• [Source records]

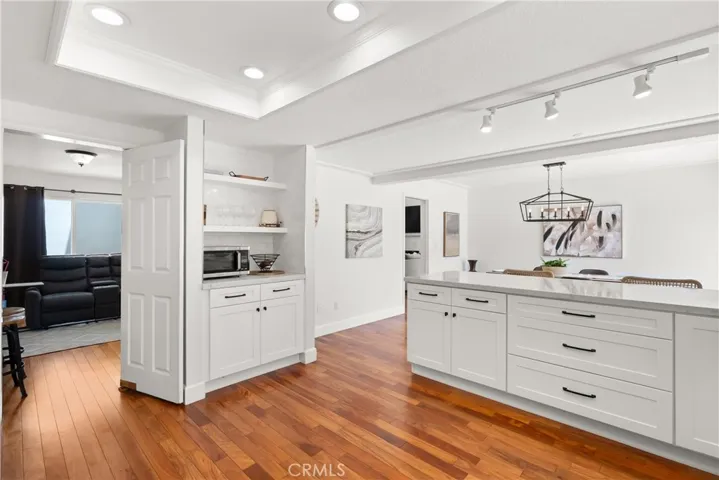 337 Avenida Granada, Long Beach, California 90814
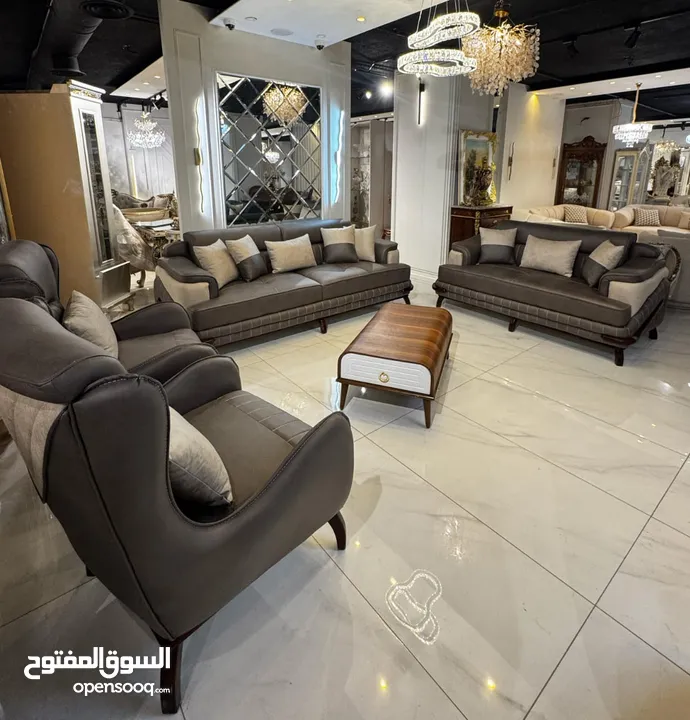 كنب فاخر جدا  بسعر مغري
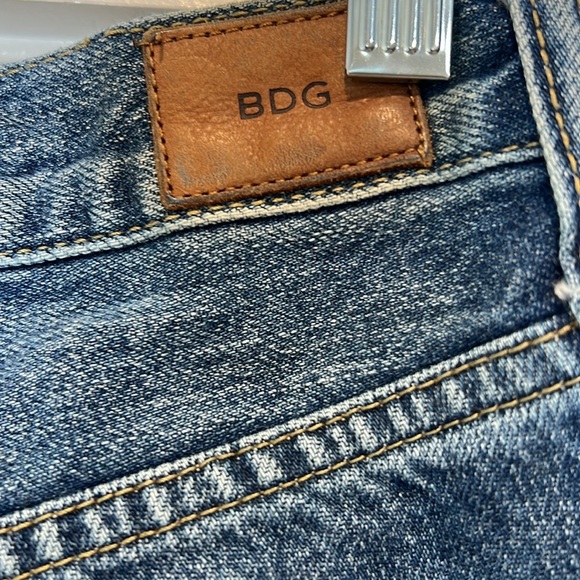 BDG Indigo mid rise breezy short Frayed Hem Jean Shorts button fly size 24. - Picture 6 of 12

==

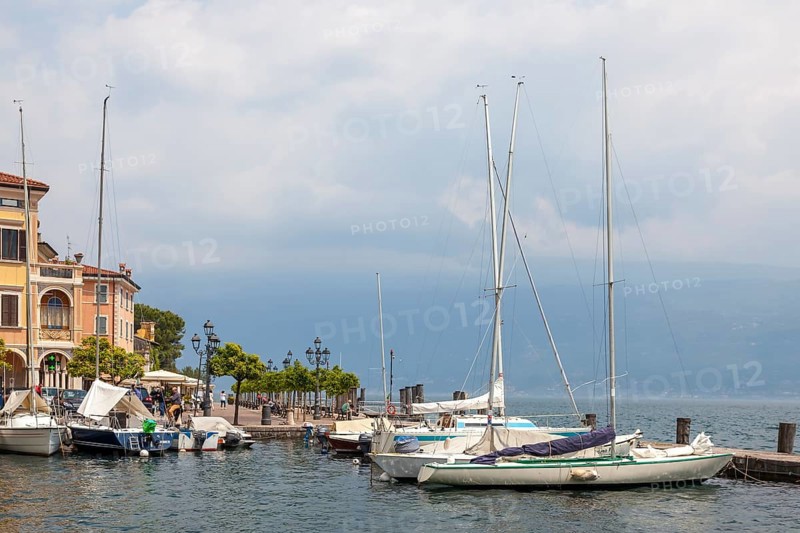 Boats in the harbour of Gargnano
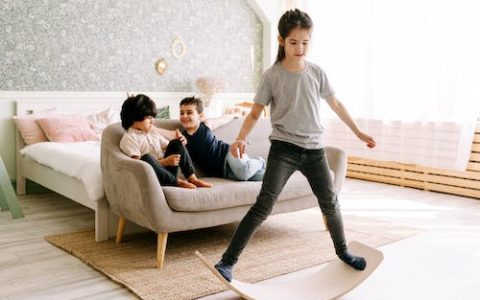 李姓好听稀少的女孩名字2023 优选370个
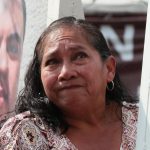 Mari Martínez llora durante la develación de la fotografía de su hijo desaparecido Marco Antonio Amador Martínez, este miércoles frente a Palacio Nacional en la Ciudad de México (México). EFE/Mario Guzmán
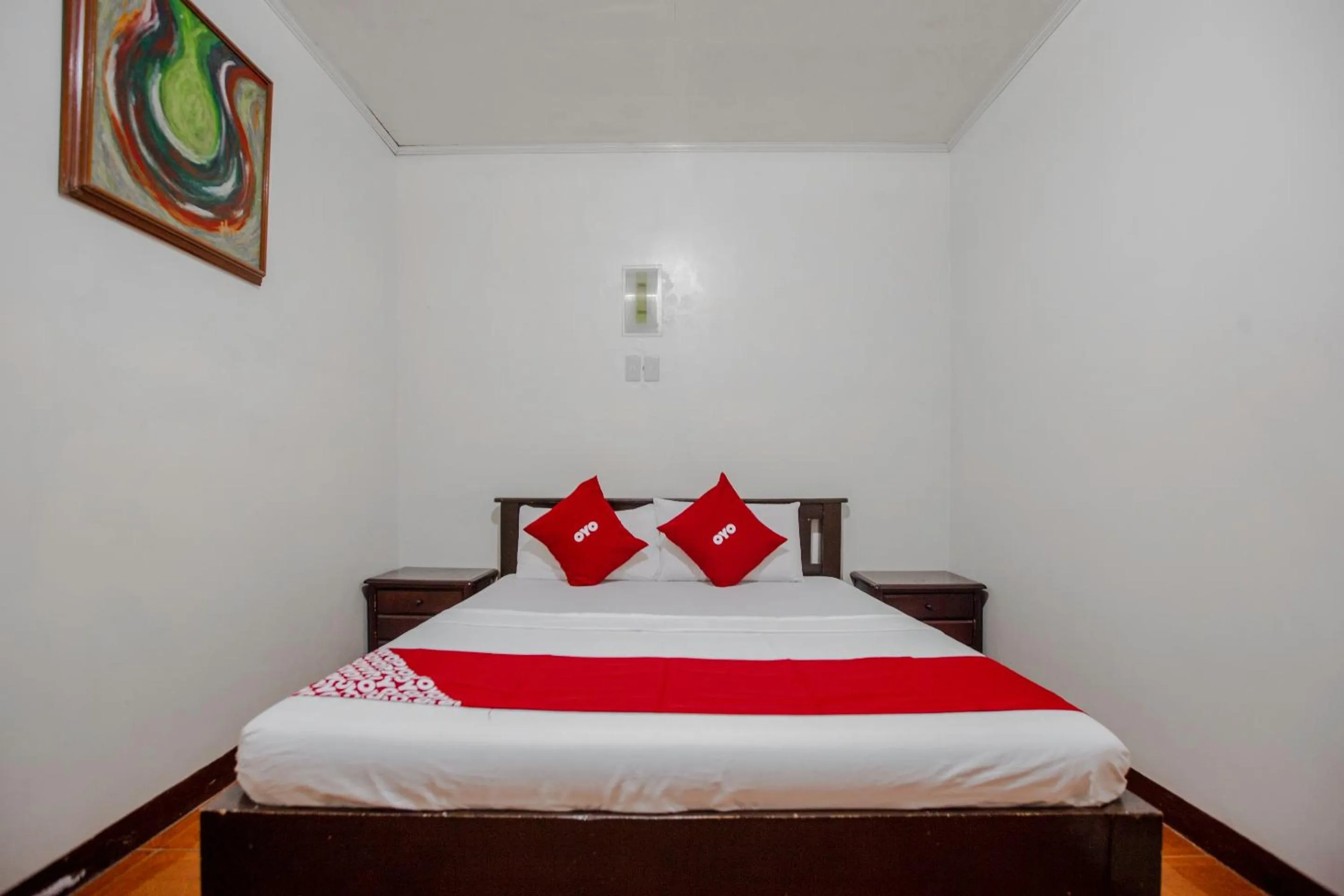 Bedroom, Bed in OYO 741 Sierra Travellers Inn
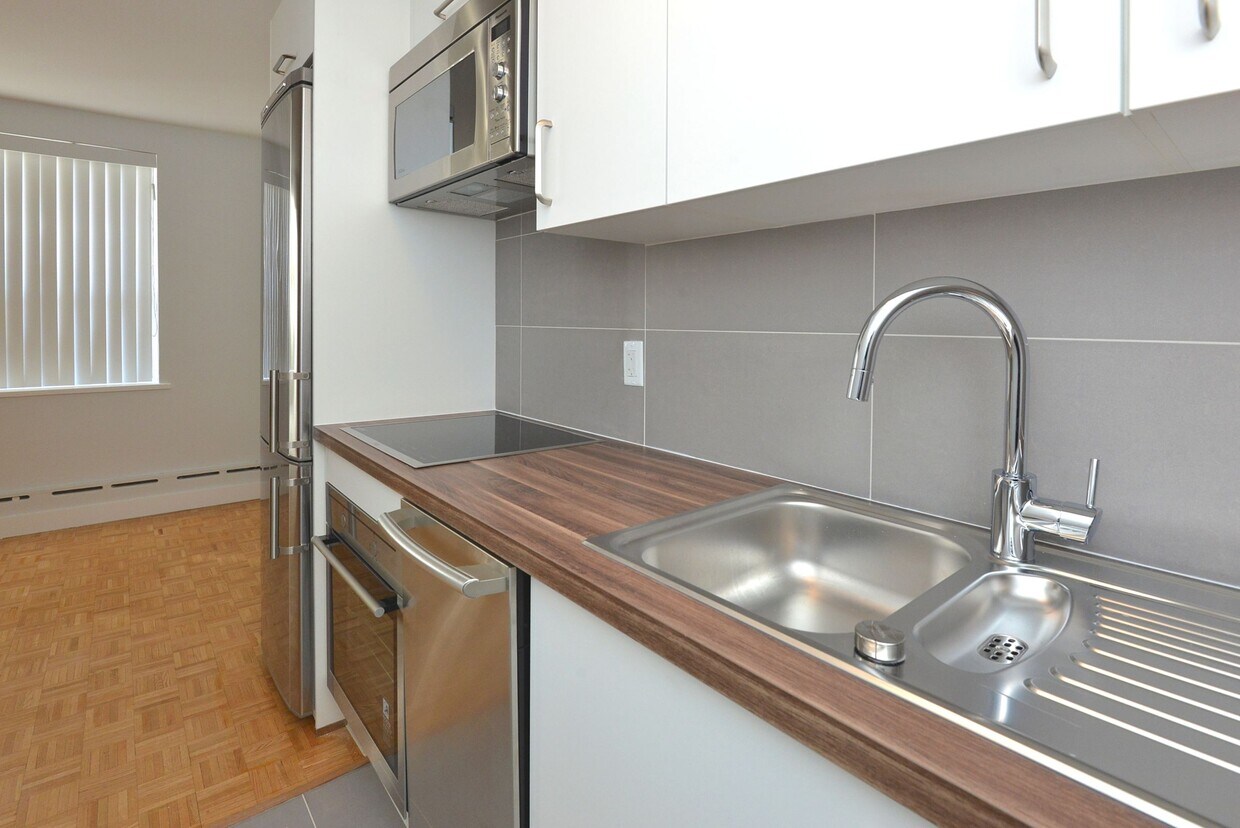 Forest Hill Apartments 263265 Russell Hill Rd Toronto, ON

...

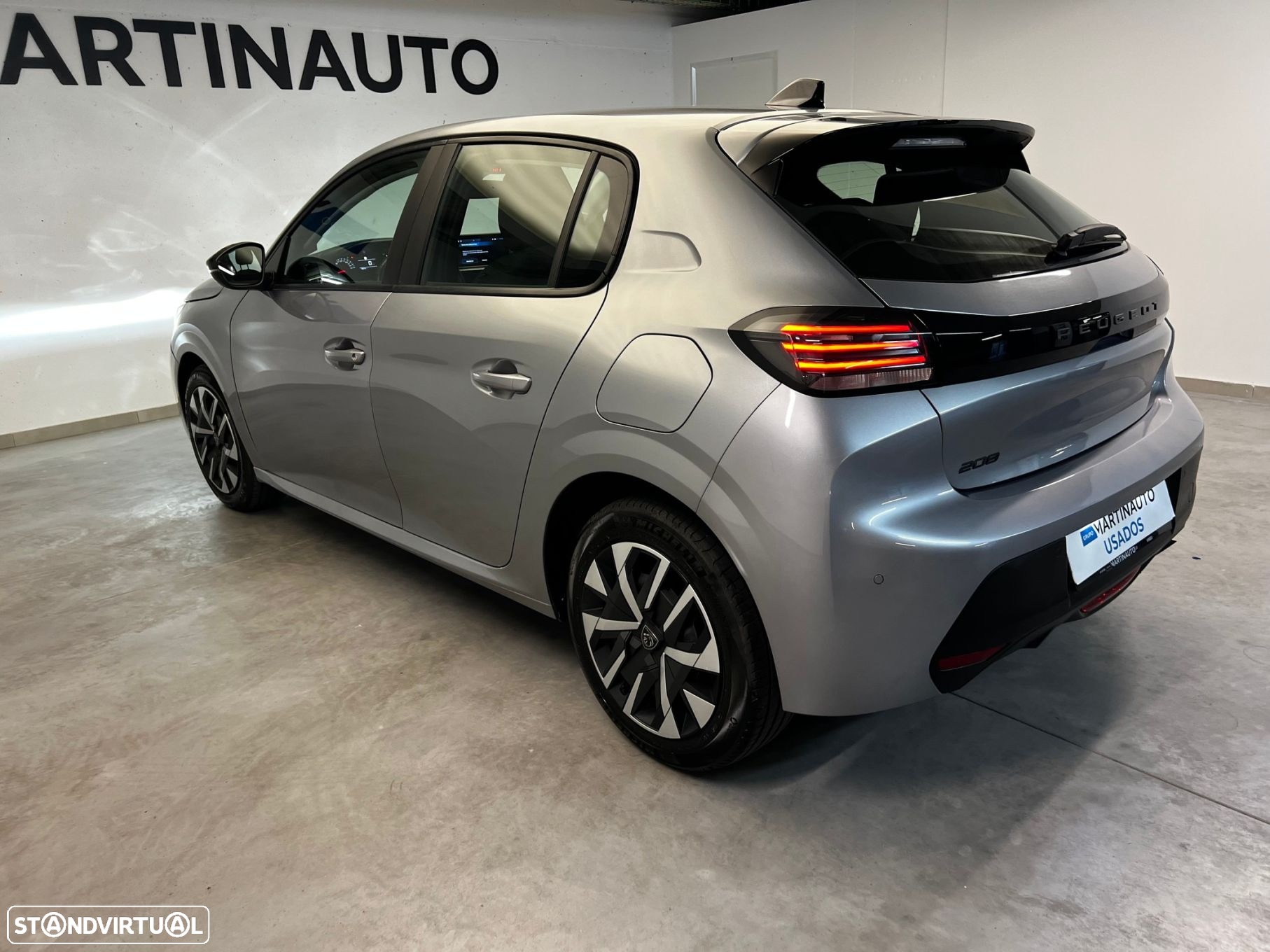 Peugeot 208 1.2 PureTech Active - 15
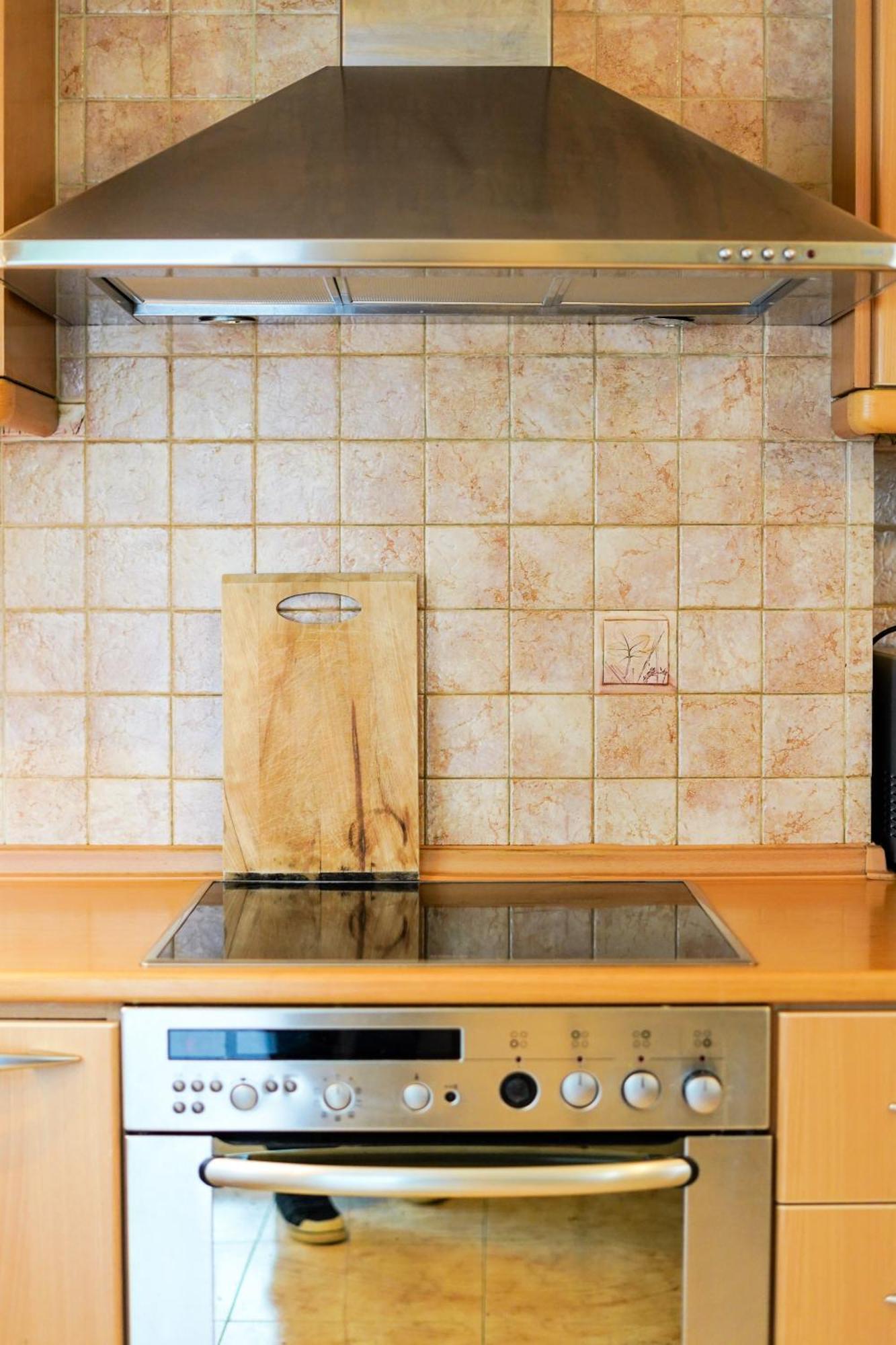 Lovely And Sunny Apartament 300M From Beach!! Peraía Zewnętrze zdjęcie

• [Task statement] Without the pictures, set down the lines above from the line with "337 Avenida Granada, Long" up to and including the line with "BDG Indigo mid" exactly as they stand.

• [Exercise solution]
 337 Avenida Granada, Long Beach, California 90814
 كنب فاخر جدا  بسعر مغري
 BDG Indigo mid rise breezy short Frayed Hem Jean Shorts button fly size 24. - Picture 6 of 12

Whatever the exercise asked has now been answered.